No wonder he's never around
13 minutes ago
10 comments:
Last para - bang on. There's an excellent video of Peter Schiff taking this exact fight to Occupy Wall Street ( found it - https://www.youtube.com/watch?v=ahMGoB01qiA ).
All true 'capitalists', 'entrepreneurs', technologists and savers could only agree with both the Occupy people (who mostly don't understand the economics) of the rest of us who want free trade.
The thing is, we have a Party for Labour - the Labour Party. And we have a Party for landlords - the Tory Party. What we don't have is a party for capital.
@L
Yep - we need a properly liberal (libertarian?) party rather than the wishy-washy part-time social (liberal) democrats we have now.

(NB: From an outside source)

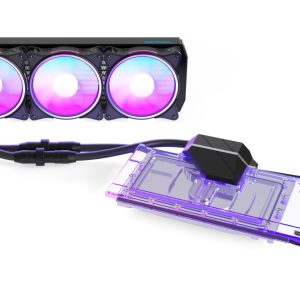 Alphacool Eiswolf 2 AIO - 360mm RTX 3090TI Suprim X with Backplate : image 1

@S. The Libdems are socialists with a snobbery problem.
The Common Market was constituted to encourage competition, which is what's the matter with it.It kiboshed out economy by abolishing Resale Price Maintenance which protected small shops and manufacturers against competition from aggressive discounting by cartels.It encouraged low wage countries to take our industry abroad see British Timken and Avon Cosmetics in Northampton alone .The globalising pretensions of UKIP will complete the de-industrialising ambitions of the Conservatives who, as Lola says, have
reverted to being the party of land (price inflation).
"The Common Market was constituted to encourage competition"
Do you have any reference to support this, DBCR, or is this yet another effusion from your copious bottom?
I could refer you to the many aspects of EU Competition policy on Net but with your poo-poo wee-wee fixation that would be a waste of time.
DBCR Yes indeed, the EU talks all about competition, but that's a bit of misdirection. It's actually all about crony corporatism. The EU bureaucrats have read a book about how competition is useful in economics and have tried to fit a whole set of bureaucratic rules all around it, not appreciating that is just what NOt is needed.
DBCR yes...you have realised that real knowledge tends to dissipate your weird fantasies.
as usual, words fail DBCR
@G
As I have said before you should try developing a counter argument, instead of your invariable but trivial ad hominem abuse.
The following argument contains elements Lola has touched on (in a very different way) and points I have made on here or elsewhere. There should be something which draws some kind of response from anybody interested in the subject:
"Your report on the latest spat within the Conservative party over the EU referendum(Cabinet crisis for Cameron as ministers break ranks over EU,13 May) raises an interesting question about what Tories the real agenda is. Big business and the City, the latter now largely owned by US investment banks which view the UK as an important bridgehead into Europe, clearly want to retain access to the single market- but without the employment, health and safety and welfare protections negotiated by the labour movement. This suggests that much of the Tory dissension is disingenuous posturing, designed to negotiate repatriation of powers in these areas and take the sting out of the UKIP threat, or represents "Little Englander" attempts to replace control of our economy by international monopoly capital with that of British monopoly capital.
But this shouldn't obscure the progressive argument for leaving the EU. The EU growth and stability pact outlaws Keynesian-style reflationary policies. Competition policy prevents state aid to strategic industries. The EU services directive forces privatisation of what remains of the public sector. And European court of justice rulings undermine collective bargaining and wage levels. Social Europe is a con. The left needs to make the case for an alternative, progressive future outside the EU- where we have the right to self determination, can rebalance the economy away from finance towards manufacturing and can construct a society on democratic, socialist terms."
Chris Guiton
There you are : any number of arguments some highly nuanced.Lets see if you can deal with them without being distracted by the identity of the writer.